Human Hive

, 27 June 2012
reviews

Skip blockbuster Prometheus. If you want to see a truly great sci-fi film head straight to SCHOOL OF CHANGE, British artist Jennet Thomas’ latest offering. Currently showing at Matt’s Gallery in suburban Limehouse, SCHOOL OF CHANGE is sharp social satire that interrogates our education system. The 40-minute musical is being screened within a huge sculptural installation that transports its audience to its dystopian world on screen.

Jennet Thomas SCHOOL OF CHANGE, 2012 (production still). Video still courtesy the artist and Matt’s Gallery, London.
Jennet Thomas, SCHOOL OF CHANGE, 2012 (production still). Video still courtesy the artist and Matt’s Gallery, London.
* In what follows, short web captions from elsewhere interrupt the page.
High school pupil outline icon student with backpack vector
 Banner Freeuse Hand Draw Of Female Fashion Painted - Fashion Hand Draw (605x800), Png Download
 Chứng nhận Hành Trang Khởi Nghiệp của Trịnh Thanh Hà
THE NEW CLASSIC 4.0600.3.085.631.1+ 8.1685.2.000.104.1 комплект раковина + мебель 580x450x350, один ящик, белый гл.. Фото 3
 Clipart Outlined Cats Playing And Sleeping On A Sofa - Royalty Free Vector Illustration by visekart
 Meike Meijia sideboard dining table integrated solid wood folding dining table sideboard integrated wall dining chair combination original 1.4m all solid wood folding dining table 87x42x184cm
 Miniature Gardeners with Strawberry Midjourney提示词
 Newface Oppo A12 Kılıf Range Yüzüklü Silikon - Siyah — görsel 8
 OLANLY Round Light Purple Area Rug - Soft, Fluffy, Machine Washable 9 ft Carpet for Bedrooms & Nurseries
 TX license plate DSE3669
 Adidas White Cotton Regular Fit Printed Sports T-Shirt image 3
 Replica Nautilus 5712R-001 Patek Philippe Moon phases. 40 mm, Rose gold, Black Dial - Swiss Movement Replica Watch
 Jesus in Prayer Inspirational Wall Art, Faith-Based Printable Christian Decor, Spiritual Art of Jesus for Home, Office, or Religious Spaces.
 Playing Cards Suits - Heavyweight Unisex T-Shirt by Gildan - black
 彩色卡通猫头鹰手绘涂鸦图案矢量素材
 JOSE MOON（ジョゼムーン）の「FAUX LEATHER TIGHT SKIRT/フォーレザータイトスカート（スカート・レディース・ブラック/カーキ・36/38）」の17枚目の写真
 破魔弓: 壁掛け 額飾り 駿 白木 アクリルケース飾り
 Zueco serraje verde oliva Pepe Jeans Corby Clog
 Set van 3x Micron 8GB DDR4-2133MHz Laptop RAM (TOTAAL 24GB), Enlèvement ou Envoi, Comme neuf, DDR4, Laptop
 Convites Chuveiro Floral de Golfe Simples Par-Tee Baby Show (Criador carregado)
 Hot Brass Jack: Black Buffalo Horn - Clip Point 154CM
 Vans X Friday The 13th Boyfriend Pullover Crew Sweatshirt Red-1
Upon entering the cavernous gallery space, the path (way-marked with hazard tape) cuts through a strange laboratory and a constellation of flood-lit black and yellow spheres that seem to stretch into infinity. The shift is palpable; we are not in Limehouse anymore. Hazard tape is a recurring motif, the colour palate a stark indicator of warning and control. At the end of the path is the screening chamber, where the story of a girl’s first day at a new school is played out.

Jennet Thomas SCHOOL OF CHANGE, 2012 (production still). Video still courtesy the artist and Matt’s Gallery, London.
Jennet Thomas, SCHOOL OF CHANGE, 2012 (production still). Video still courtesy the artist and Matt’s Gallery, London.

The film is set in an alternative reality where current social anxieties have been amplified and distorted. Once you grasp the poetic allegory on bureaucratic procedure and hive behaviour, the film takes on the witty sting of satire. Our protagonist, fallen through a wormhole, is indoctrinated into an institution where pupils are evaluated in an abstracted system of objectivity, under the hegemony of ‘The Sponsor’. The students wear bar-coded pinafores and take lessons in which they are taught to produce ‘Units of Knowing’. Classes such as ‘The Meaning of Movement’ consist of a string of buzzwords and choreographed robotic movements set to music. Both disturbing and infectiously catchy, these musical episodes are referred to as ‘Productions’.

Jennet Thomas SCHOOL OF CHANGE, 2012 (production still). Video still courtesy the artist and Matt’s Gallery, London.
Jennet Thomas, SCHOOL OF CHANGE, 2012 (production still). Video still courtesy the artist and Matt’s Gallery, London.

As with Prometheus, Close Encounters of the Third Kind and so many films of this genre, music is used as an alternative mode of communication. In SCHOOL OF CHANGE song is a part of every lesson learnt, while synthetic blips and harmonies tell us what is funny and what is ominous. The soundtrack, composed by Leo Chadburn (a.k.a Simon Bookish, who has done remixes for the likes of Grizzly Bear and Franz Ferdinand) gives the film a tension that is at once nostalgic and futuristic.

Jennet Thomas SCHOOL OF CHANGE, 2012 (production still). Video still courtesy the artist and Matt’s Gallery, London.
Jennet Thomas, SCHOOL OF CHANGE, 2012 (production still). Video still courtesy the artist and Matt’s Gallery, London.

Edited into a seamless loop the film also employs production qualities reminiscent of children’s TV from the 70s and 80s. Awkward performances and camera angles coupled with lo-fi special effects, fold back into past imaginings of what the future might look like; giving us our own peculiar journey through time and space.

Jennet Thomas SCHOOL OF CHANGE, 2012 (production still). Video still courtesy the artist and Matt’s Gallery, London.
Jennet Thomas, SCHOOL OF CHANGE, 2012 (production still). Video still courtesy the artist and Matt’s Gallery, London.

Thomas herself works in education. A lecturer at Wimbledon College of Art, her blog discusses her profound frustrations at being embedded in what she calls a “system organized around the awarding of units, of ‘credits’. You find yourself saying to students, ‘This will increase your employability’; ‘ This represents good professional practice’; ‘Why have you missed your tutorial? You are paying for it’, and so on.” It’s clear that the fantastically complex world of SCHOOL OF CHANGE is the result of a very real sense of alienation.

Jennet Thomas’ SCHOOL OF CHANGE at Matt’s Gallery runs 20 June – 29 July 2012.